Pour glisser sur l’aspect du dessin du background, il est très stylisé ("Piranesi" & "Giger" notamment), parfois presque épuré mais étonnamment, il garde en son sein des détails cruciaux pour se figurer compréhensiblement les séquences/actions dans leurs entièretés. Il n’est pas aussi chargé que ceux du Maître Shirow - ce qui était parfois franchement illisible. Les cases d’ailleurs sont découpées de manière claire et nette, plan-par-plan.


On apprécie aussi le côté "Mad Maxien" du personnage, voire carrément de l’œuvre entière. Puisque d’une part, l’histoire semble se passer après une catastrophe d’ampleur planétaire où l’Homme (et dérivés) semble être retourné à ses plus bas instincts. Mais d’autre part, par le caractère plutôt mutique du personnage principal, Killee. La palette des autres personnages d’ailleurs ne verse pas pour autant dans le prolixe, loin de là. De manière plus générale on a l’impression que T.Nihei laisse au lecteur le soin d’interpréter les actes et les désidératas de ses personnages. Déroutant et en même temps fascinant.


"Blame!" a ce côté dessin intrigant mêlant la chair et la machine, qui est vraiment stupéfiant. Les scènes d’action montrent allègrement le gore le plus sanglant et avec moult détails, sans pour autant verser dans la débauche gratuite d’hémoglobine (n’est-ce pas "Hellsing"?). En fait, c’est toujours à-propos et justifié. Les cases sont cohérentes à la bonne compréhension de ce qu’il se passe, on l’a déjà évoqué.

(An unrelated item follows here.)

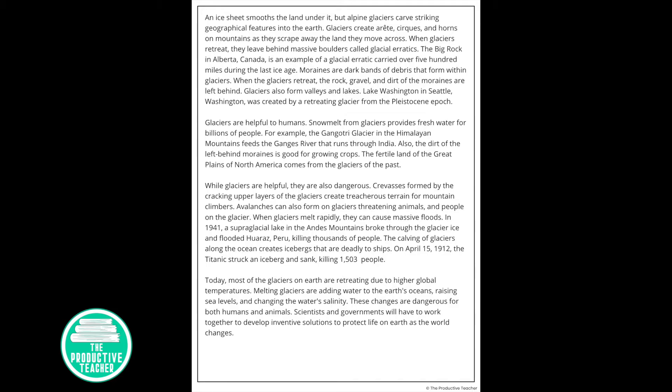Glaciers are helpful to humans. Snow melt from glaciers provides fresh water for billions of people. For example, the Gangotri Glacier in the Himalayan mountains feeds the Ganges River that runs through India. Also, the dirt of the left behind moraines is good for growing crops. The fertile land of the Great Plains of North America comes from glaciers of the past.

On y verra aussi des relents évidents à "Akira", mais surtout à l'oeuvre de D.Cronenberg avec ce jeu constant chair/métal des êtres mi-machines, mi-organiques. D’aucuns y voient d’ailleurs l’ombre Lovecraftienne planer au-dessus du manga. Il est vrai qu’il y a une drôle d’ambiance quasi-horrifique qu’on pourrait peut-être qualifier abusivement de "Dark Fantasy". Personnellement j’y vois davantage la patte de D.Lynch avec plutôt un côté très Eraserhead par moment. Le manga est à la croisée de multiples inspirations de hautes volées, difficile vraiment de le rentrer dans une seule et unique case, tant il explore volontiers les références et se jouent de nos acquis. On peut ainsi y voir tantôt "Alien", lors de certains plans qui dépeignent une architecture gigantesque et organique, tantôt "Stalker" avec une étrange faune machinorganique et autres anomalies. De manière plus générale, il règne et plane au-dessus de "Blame!" une pure ambiance cyberpunk et crépusculaire à vous glacer le sang, un peu comme dans l’intrigant animé "Ergo Proxy" (2006). Enfin, on peut évoquer également l'animé "Serial Experimental Lain" (1998) avec le parallèle évident entre la "Résophère" et le "Wired".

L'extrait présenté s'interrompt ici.